Methods and patients: During the past 4 years we operated 23 patients, 20 males and 3 females with posttraumatic or septic lower limb necrosis: two of the external maleolar area, 6 of the dorsal foot, three of the Achilles tendon area, 2 anterior lower tibia, 4 of the calcaneal area. Osteomyelitis was present in 6 cases (tibia, metatarsals, calcaneus)

All traumatic cases happened almost 2 weeks before operation except three which caused between 2 and 6 months earlier.

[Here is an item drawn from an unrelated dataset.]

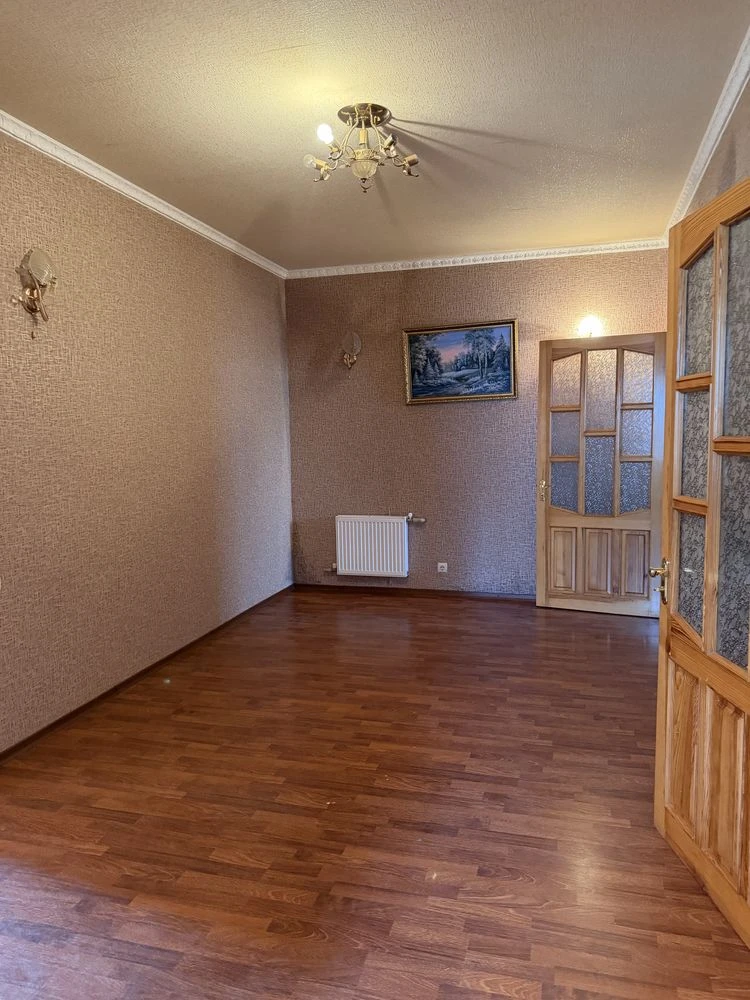 Продаж будинку Дергачі Затишний та комфортний,120 метрів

In the 2 diabetic cases the lesion appeared between 3 and 5 month ago.

We have performed: 9 sural flaps, 5 perforator-posterior tibial artery flap, 1 medial plantar, 4 based on distal perforators of the peroneal artery, 1 Saphenous, 2 muscular flaps.

All patients were between 17 and 81 years all and the follow up between 8 month and 2 years. Everywhere before the flap we performed surgical debridement.

As supplementary combined reconstructive technique we performed: 1. Mega papineau technique, 2. Bone filling, 3. Distraction osteogennesis, with spatial Taylor frame.

Results: We covered successfully the defects, with satisfactory aesthetical results, while the functional ability was not compromised.

Results: The above flaps have been proved effective for covering the lower limb defects.

These flaps are better tolerated by the patient than the traditional techniques and safer, less demanding and faster to perform than the free tissue transfers.